Data items ▸
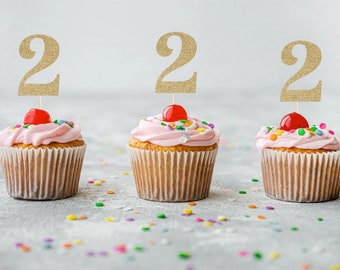 2 Cupcake Toppers - Second Birthday. Number Two Cupcake Toppers. 2nd Birthday. Two Cupcake Toppers.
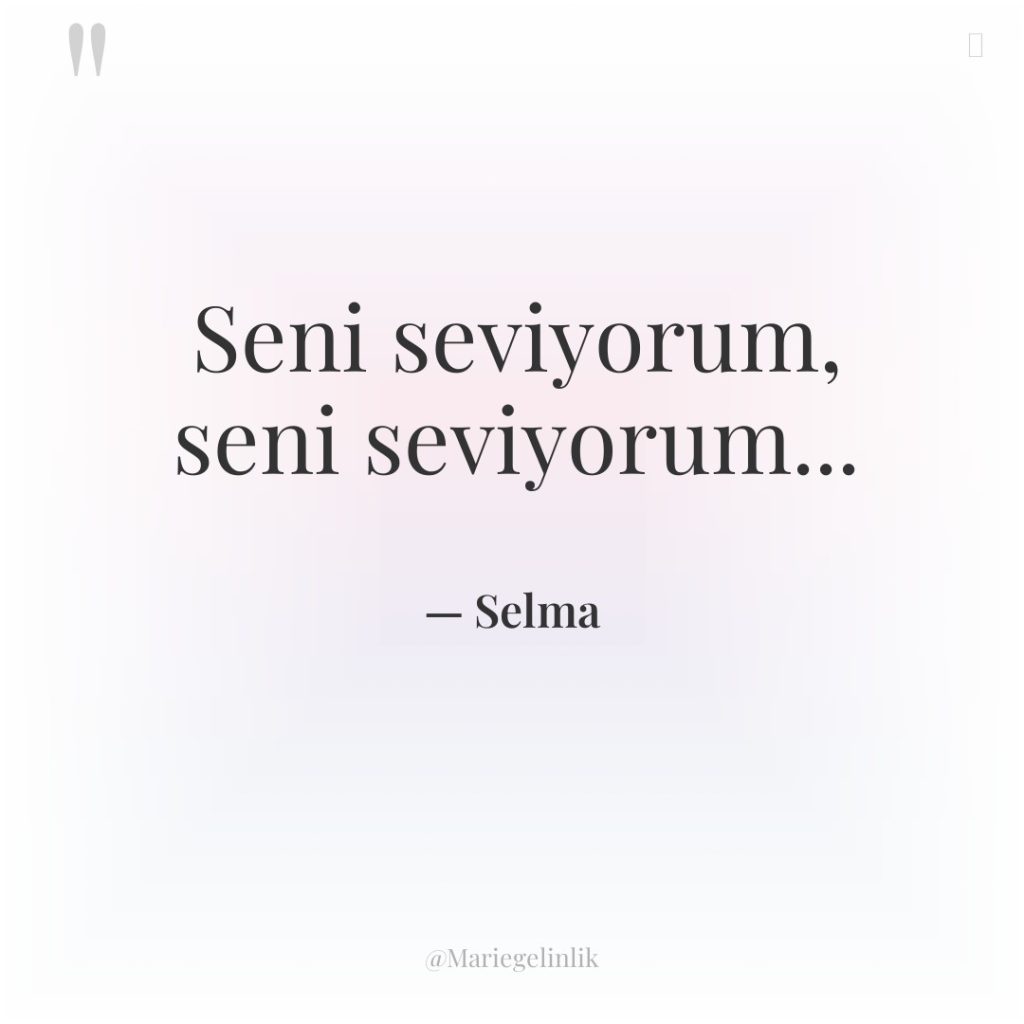 Seni seviyorum, seni seviyorum…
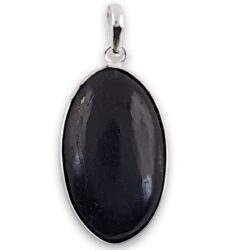 Black tourmaline pendant oval smooth 1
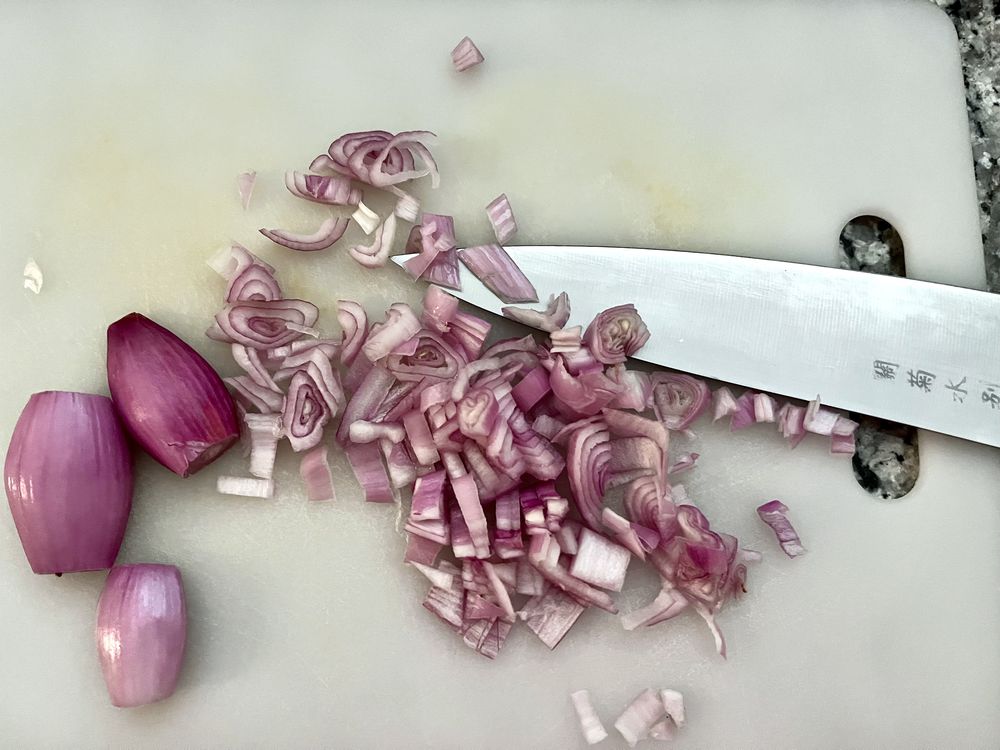 chopping up shallots
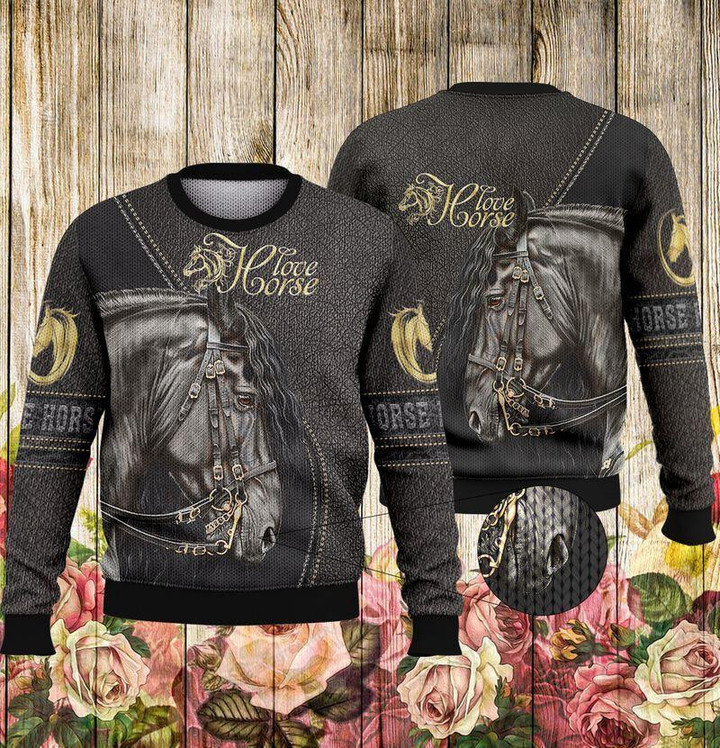 Love Black Horse Ugly Christmas Sweater, All Over Print Sweatshirt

Exercise directions ▸ When the line containing "Seni seviyorum, seni seviyorum…" is reached, write out that line and each one after it exactly, ending with the last line of the records; pictures are not copied.

Output of the task ▸
 Seni seviyorum, seni seviyorum…
 Black tourmaline pendant oval smooth 1
 chopping up shallots
 Love Black Horse Ugly Christmas Sweater, All Over Print Sweatshirt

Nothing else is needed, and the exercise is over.